Выбрать главу

— Что такое? — спросила Лидия, не поднимая головы, и у меня на секунду возникло нелепое ощущение, что она прочла мои мысли. — Что на тебя нашло, в чем дело? Что… — устало, — что с тобой случилось?

Яблоки были белесыми, бледно-зеленого цвета; я их грыз с аппетитным деревянным хрустом. Я так четко помню их, помню до сих пор.

— У меня такое чувство, — отозвался я, — даже убеждение, никак не могу от него избавиться, будто что-то случилось, что-то ужасное, а я не обратил внимания, проглядел, не знаю, что это.

Лидия помолчала, потом хмыкнула, выпрямилась, энергично потерла плечи, словно замерзла, по-прежнему не глядя на меня.
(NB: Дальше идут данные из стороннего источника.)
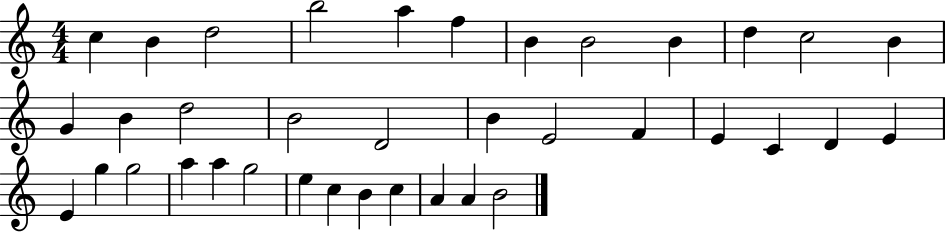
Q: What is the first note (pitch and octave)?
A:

— Может, твоя жизнь? — произнесла она, наконец. — Чем не ужас?

* * *

Стемнело, а она все еще здесь. По крайней мере, я не слышал, как она уезжала. Не знаю, что у нее на уме, вот уже несколько часов от нее ни звука; вообще никого не слышно. Это тревожит. Возможно, она встретила Квирка и теперь сидит с ним, делится своими несчастьями. Поделом ему. Или прижала к стенке девчонку и допытывается, не приставал ли я к ней. Сижу в своем убежище, сгорбившись над бамбуковым столиком, злой и раздерганный. Ну почему виноват всегда я? Никто не просил ее приезжать, никто ее не приглашал. Я только хотел, чтобы все меня оставили в покое. Но люди не выносят пустоты. Стоит найти тихий уголок, где можно спокойно присесть, и они уже тут как тут, нагрянули толпой в шутовских колпаках, выдувают бумажные свистульки прямо в лицо, требуют, чтобы ты поучаствовал в общем веселье. Видеть их не могу. Не выйду, пока она не уберется отсюда.

IV

Наступило утро, и в доме царит оживление. В город приехал цирк — только его здесь не хватало. Я провел беспокойную ночь, проснулся рано из-за шума за окном, осторожно заглянул в щель между занавесками и обнаружил не меньше дюжины повозок, беспорядочно заполонивших площадь. Выпрягали лошадей; мускулистые кривоногие мужчины в полосатых фуфайках сновали взад-вперед, прилаживали канаты, выгружали вещи, громко и отрывисто перекликались; все это выглядело так, словно представление уже началось и они выступают первым номером. Я видел, как установили шесты, выгрузили и быстро развернули широкое брезентовое полотно. Во всех окнах спален, выходящих на площадь, отдернули занавески; вдалеке осторожно приоткрывались входные двери, и оттуда в полусонном недоумении выглядывало намыленное лицо или голова в бигуди.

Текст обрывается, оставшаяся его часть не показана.